Metrics
Metrics are quantifiable and measurable results that a customer perceives as valid for his project or initiative. Your prospects in general will initially not openly share hard metrics how they measure negative consequences or positive business outcomes on addressing a pain or initiative. However if you can build the trust that your offering will help addressing the pain you will be able to discover “the golden nuggets” on every meeting. Collecting Metrics is like collecting money, that will justify the investment and will let you quantify the benefits to protect your price point.
in general Metrics and can be divided in 2 major groups.
Below the Line
For example, cost savings and efficiency gains. Many times paired with reductions on FTEs (Full Time Equivalent)
Above the Line
These are more business-centric like increase in revenue or profit, quicker time to market, higher quality and customer satisfaction. These metrics are used to build decisions and are used to build the Business Case or ROI
Tangible Metrics: It takes 1 FTE 4 hours to roll out a new campaign and with plans to roll out another 10 by the end of they year they need to reduce it.
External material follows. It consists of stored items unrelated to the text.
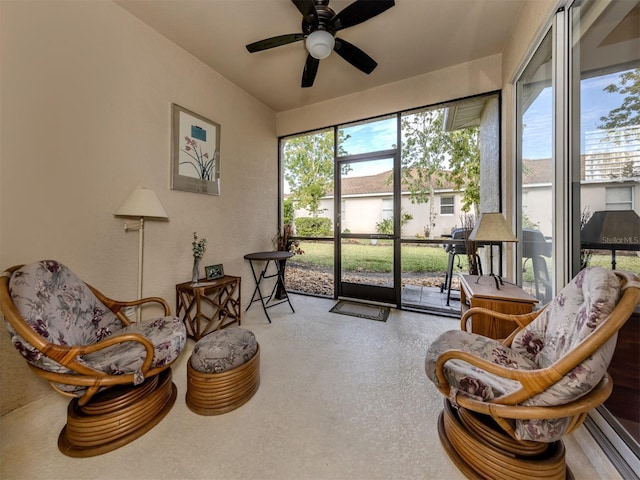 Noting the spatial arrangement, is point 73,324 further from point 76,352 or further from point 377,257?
point 377,257

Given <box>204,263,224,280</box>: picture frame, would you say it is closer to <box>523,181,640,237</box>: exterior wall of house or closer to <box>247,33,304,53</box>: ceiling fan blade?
<box>247,33,304,53</box>: ceiling fan blade

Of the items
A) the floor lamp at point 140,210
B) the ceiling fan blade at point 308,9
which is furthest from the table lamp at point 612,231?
the floor lamp at point 140,210

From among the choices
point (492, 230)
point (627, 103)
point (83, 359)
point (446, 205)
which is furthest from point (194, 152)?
point (627, 103)

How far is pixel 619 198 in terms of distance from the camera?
3.98 ft

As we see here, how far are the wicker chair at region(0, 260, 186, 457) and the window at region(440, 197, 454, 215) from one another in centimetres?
318

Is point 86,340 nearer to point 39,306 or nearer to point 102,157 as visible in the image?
point 39,306

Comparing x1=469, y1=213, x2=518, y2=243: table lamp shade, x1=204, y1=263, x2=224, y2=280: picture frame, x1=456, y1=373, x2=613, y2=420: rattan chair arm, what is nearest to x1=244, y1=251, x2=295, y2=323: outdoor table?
x1=204, y1=263, x2=224, y2=280: picture frame

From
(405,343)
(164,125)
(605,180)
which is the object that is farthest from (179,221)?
(605,180)

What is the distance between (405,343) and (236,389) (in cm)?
169

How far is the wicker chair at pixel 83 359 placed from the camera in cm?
119

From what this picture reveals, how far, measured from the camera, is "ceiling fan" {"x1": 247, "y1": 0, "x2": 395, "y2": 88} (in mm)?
1695

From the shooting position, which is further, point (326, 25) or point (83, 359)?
point (326, 25)

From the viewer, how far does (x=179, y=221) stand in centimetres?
255

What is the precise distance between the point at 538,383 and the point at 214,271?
287 centimetres
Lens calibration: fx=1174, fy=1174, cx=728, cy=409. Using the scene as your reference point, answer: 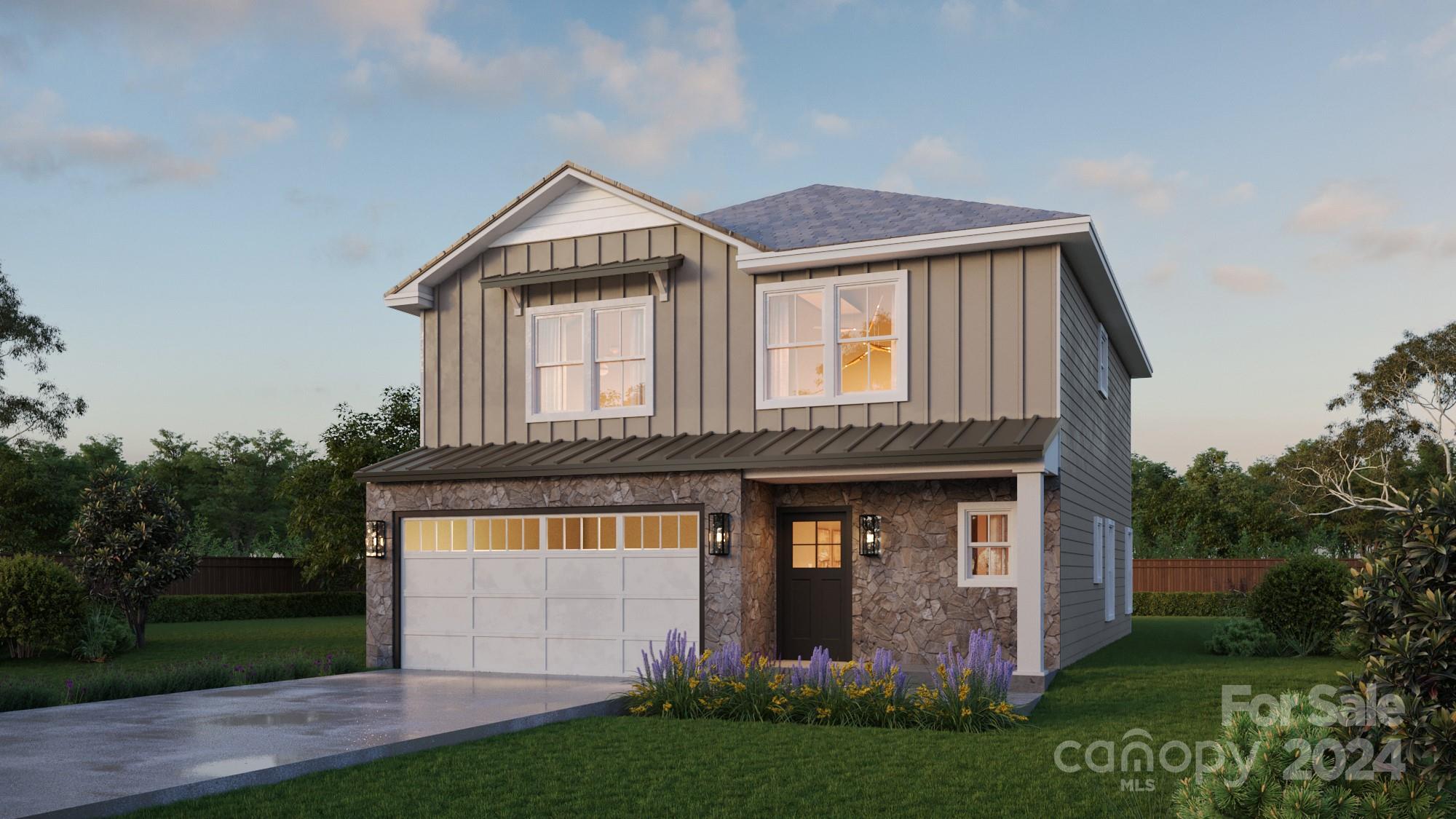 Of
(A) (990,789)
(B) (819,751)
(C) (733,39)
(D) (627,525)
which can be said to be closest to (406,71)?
(C) (733,39)

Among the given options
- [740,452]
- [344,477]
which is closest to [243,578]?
[344,477]

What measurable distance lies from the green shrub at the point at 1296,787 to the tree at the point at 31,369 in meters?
34.3

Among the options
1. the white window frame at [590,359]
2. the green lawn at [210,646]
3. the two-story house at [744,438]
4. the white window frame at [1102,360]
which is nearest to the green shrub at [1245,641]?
the two-story house at [744,438]

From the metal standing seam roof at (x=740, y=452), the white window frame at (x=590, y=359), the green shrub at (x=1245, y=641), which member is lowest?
the green shrub at (x=1245, y=641)

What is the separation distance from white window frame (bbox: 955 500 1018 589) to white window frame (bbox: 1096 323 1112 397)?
4.51 metres

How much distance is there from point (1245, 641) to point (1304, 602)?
3.43ft

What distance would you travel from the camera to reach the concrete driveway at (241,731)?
6980mm

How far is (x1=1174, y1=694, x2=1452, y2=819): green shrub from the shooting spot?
4461 millimetres

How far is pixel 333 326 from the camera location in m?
21.3

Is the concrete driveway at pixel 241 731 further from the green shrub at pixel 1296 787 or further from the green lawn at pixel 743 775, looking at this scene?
the green shrub at pixel 1296 787

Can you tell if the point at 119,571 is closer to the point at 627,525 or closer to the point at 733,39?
the point at 627,525

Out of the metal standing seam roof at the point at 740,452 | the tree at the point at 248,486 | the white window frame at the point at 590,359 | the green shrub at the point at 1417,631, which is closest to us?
the green shrub at the point at 1417,631

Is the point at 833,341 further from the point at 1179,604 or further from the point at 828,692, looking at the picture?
the point at 1179,604

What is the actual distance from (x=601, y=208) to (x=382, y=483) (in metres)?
4.61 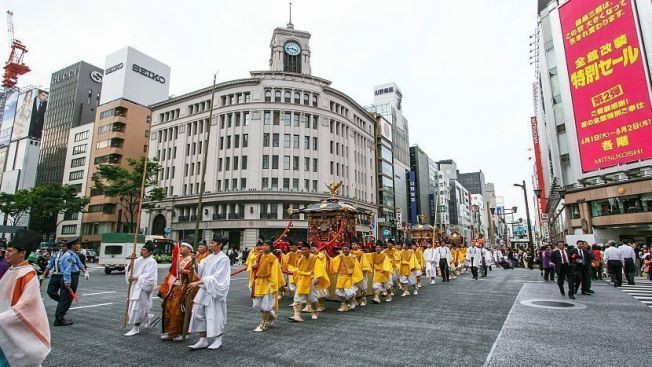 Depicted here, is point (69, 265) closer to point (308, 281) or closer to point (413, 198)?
point (308, 281)

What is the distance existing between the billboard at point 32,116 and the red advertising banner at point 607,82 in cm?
10003

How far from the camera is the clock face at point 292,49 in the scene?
51.3 meters

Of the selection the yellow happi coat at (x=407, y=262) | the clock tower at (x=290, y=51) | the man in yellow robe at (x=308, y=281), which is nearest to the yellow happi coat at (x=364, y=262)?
the man in yellow robe at (x=308, y=281)

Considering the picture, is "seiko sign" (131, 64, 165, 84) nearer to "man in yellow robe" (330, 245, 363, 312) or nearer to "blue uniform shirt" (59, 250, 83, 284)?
"blue uniform shirt" (59, 250, 83, 284)

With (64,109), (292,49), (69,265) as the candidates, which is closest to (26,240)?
(69,265)

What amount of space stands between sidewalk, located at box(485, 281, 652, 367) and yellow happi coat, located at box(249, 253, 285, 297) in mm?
4182

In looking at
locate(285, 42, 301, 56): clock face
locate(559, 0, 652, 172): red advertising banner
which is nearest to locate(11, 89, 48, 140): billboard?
locate(285, 42, 301, 56): clock face

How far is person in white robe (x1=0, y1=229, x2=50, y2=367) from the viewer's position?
2844 millimetres

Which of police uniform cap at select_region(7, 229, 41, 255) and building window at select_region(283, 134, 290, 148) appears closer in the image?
police uniform cap at select_region(7, 229, 41, 255)

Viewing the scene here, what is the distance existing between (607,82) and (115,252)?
3591 centimetres

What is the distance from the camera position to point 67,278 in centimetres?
797

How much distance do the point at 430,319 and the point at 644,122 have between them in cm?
2380

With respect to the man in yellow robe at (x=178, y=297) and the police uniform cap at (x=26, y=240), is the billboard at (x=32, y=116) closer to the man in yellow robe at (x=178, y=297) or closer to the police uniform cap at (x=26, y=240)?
the man in yellow robe at (x=178, y=297)

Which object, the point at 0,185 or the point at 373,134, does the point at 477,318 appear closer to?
the point at 373,134
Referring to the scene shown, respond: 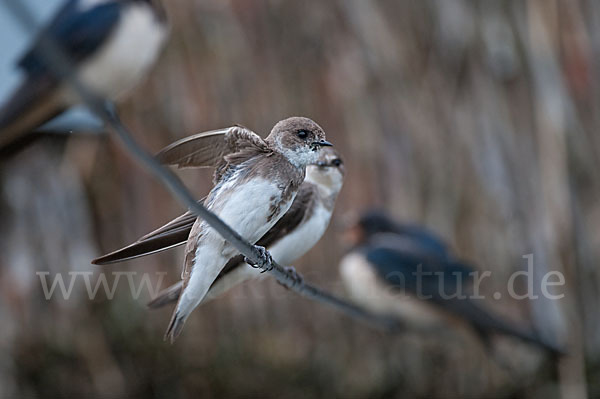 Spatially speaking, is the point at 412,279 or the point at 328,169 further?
the point at 412,279

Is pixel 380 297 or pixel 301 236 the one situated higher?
pixel 380 297

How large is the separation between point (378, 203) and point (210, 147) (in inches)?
85.9

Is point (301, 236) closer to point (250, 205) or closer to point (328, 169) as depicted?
point (328, 169)

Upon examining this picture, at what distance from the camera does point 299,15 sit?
2.49 m

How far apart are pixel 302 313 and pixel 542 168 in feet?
3.30

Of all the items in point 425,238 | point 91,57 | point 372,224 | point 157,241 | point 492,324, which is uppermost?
point 372,224

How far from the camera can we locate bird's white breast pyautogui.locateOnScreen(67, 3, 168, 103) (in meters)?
0.77

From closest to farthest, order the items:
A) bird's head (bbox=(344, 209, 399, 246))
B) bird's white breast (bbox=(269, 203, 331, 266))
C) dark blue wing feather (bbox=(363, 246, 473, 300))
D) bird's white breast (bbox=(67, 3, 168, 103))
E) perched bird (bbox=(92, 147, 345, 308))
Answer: bird's white breast (bbox=(67, 3, 168, 103))
perched bird (bbox=(92, 147, 345, 308))
bird's white breast (bbox=(269, 203, 331, 266))
dark blue wing feather (bbox=(363, 246, 473, 300))
bird's head (bbox=(344, 209, 399, 246))

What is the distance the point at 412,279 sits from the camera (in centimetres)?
253

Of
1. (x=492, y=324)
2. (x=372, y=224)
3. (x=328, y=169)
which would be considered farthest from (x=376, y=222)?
(x=328, y=169)

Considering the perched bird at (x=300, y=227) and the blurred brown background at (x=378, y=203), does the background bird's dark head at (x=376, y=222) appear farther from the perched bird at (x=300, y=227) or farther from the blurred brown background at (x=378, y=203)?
the perched bird at (x=300, y=227)

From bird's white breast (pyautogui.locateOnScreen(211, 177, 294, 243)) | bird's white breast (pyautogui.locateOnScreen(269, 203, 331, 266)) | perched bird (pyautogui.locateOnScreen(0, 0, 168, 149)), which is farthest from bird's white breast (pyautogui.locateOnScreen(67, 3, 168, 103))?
bird's white breast (pyautogui.locateOnScreen(269, 203, 331, 266))

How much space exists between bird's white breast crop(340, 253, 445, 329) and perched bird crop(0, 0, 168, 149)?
1715 mm

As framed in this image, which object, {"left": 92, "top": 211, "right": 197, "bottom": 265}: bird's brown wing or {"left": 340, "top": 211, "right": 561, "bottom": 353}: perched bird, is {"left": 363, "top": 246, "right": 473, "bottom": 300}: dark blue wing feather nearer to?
{"left": 340, "top": 211, "right": 561, "bottom": 353}: perched bird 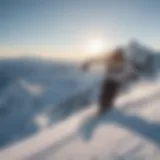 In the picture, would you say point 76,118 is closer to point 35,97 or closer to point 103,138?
point 103,138

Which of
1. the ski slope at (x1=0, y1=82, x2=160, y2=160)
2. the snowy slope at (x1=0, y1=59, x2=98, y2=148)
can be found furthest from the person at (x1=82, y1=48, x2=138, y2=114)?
the snowy slope at (x1=0, y1=59, x2=98, y2=148)

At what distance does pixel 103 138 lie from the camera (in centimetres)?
300

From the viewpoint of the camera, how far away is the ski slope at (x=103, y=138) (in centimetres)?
268

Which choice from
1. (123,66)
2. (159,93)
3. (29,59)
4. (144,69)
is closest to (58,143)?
(123,66)

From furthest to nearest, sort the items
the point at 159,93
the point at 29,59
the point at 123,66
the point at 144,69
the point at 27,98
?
the point at 29,59
the point at 27,98
the point at 144,69
the point at 159,93
the point at 123,66

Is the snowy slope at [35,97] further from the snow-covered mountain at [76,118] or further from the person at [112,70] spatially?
the person at [112,70]

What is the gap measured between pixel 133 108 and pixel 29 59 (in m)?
18.2

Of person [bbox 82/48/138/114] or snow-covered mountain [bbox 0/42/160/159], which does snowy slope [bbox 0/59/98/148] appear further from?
person [bbox 82/48/138/114]

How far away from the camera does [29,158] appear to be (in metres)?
2.82

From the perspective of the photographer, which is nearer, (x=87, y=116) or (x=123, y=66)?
(x=123, y=66)

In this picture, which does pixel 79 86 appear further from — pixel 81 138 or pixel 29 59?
pixel 29 59

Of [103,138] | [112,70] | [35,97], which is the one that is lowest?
[103,138]

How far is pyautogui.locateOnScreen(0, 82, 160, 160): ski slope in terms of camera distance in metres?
2.68

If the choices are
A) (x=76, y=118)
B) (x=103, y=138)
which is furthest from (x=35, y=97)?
(x=103, y=138) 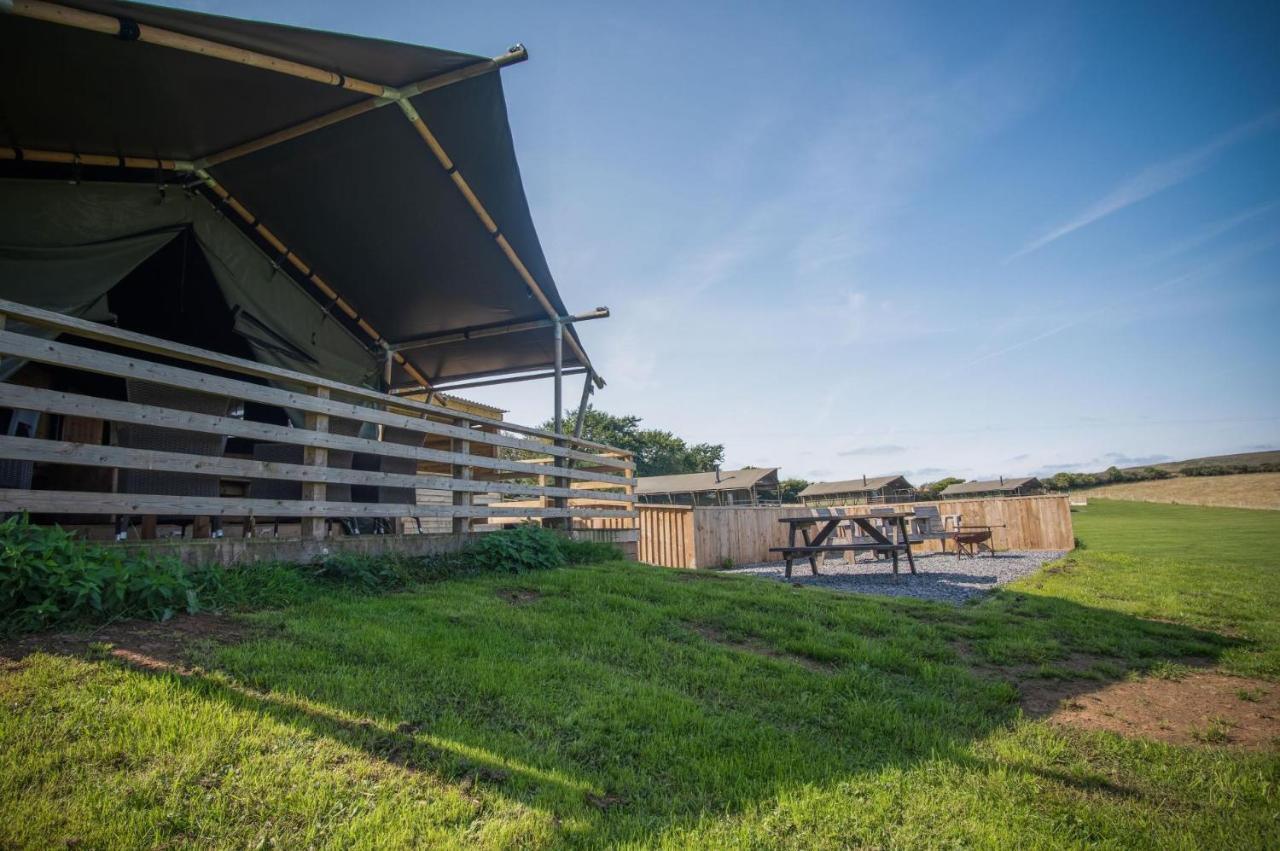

Or, they have 60% occupancy, of which 90% comes from EXP and BDC, so they want to increase occupancy whilst reducing reliance on high cost channels.
In other words clear savings the CFO will understand
Intangible Metrics: Improve customer satisfaction or raise the awareness of a brand.
While this may be all good reasons, however most like be disregarded and ignored by the CFO.
So how can you identify solid tangible metrics.
Questions to ask:
- How would you measure success of any changes to your tech stack?
- Which metrics around cost, efficiency or business do you need to achieve?
- How would this success be measured by business?